Formulation of the Claim

Linguistic-semiotic analysis reveals the unthought in religious discourse.

Explanation

Arkoun sees this analysis as operating on the structures that govern religious reception, not on the apparent meaning alone. It aims to show what the Qur’an excludes and keeps outside the field of thought.

This means that reading does not merely follow words or rulings, but turns toward the linguistic, narrative, and intellectual mechanisms that shape what can and cannot be said within the religious system. In this sense, the “unthought” becomes part of the very object of analysis.

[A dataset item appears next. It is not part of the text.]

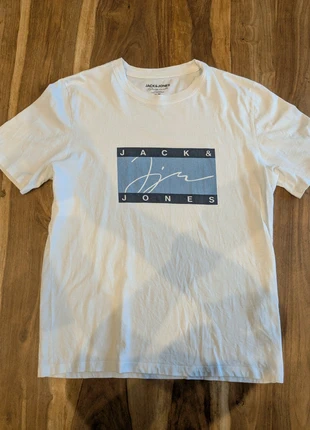 T-shirt Jack et John taille M 1€, marque: Jack & Jones, état: Très bon état, taille: M, 1,00 €, 1,75 € Protection acheteurs incluse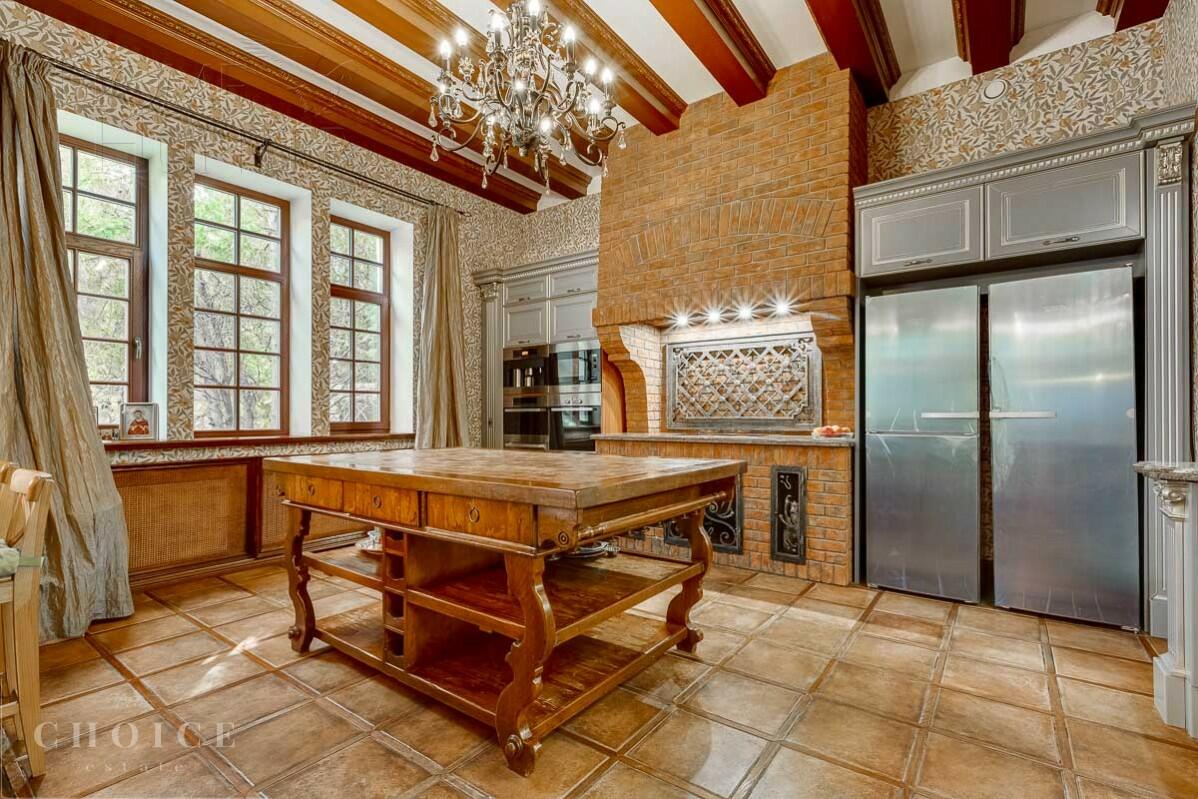 2-этажный коттедж 1 100 м² с отделкой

Its Place in the Book’s Argument

This atom appears within Arkoun’s effort to broaden the tools used to read foundational texts, and to move from interpretation that confirms meaning to analysis that reveals the conditions of its production and its limits. It converges with his related theses on criticizing traditional reading and on the need to question what has remained beyond scrutiny because of inherited dominance over understanding.

Limits of the Claim

This atom does not mean that linguistic-semiotic analysis reduces religion to language alone, nor that it delivers a final judgment on the text or on religious history. Nor should it be taken as a call to abolish meaning, but rather to uncover what discursive construction obscures.

Brief Evidence

Arkoun sees linguistic-semiotic analysis as operating on the structures that govern religious reception, not on the apparent meaning alone. It aims to show what the text excludes and keeps outside the field of thought. In this way, it reveals the unthought in religious discourse.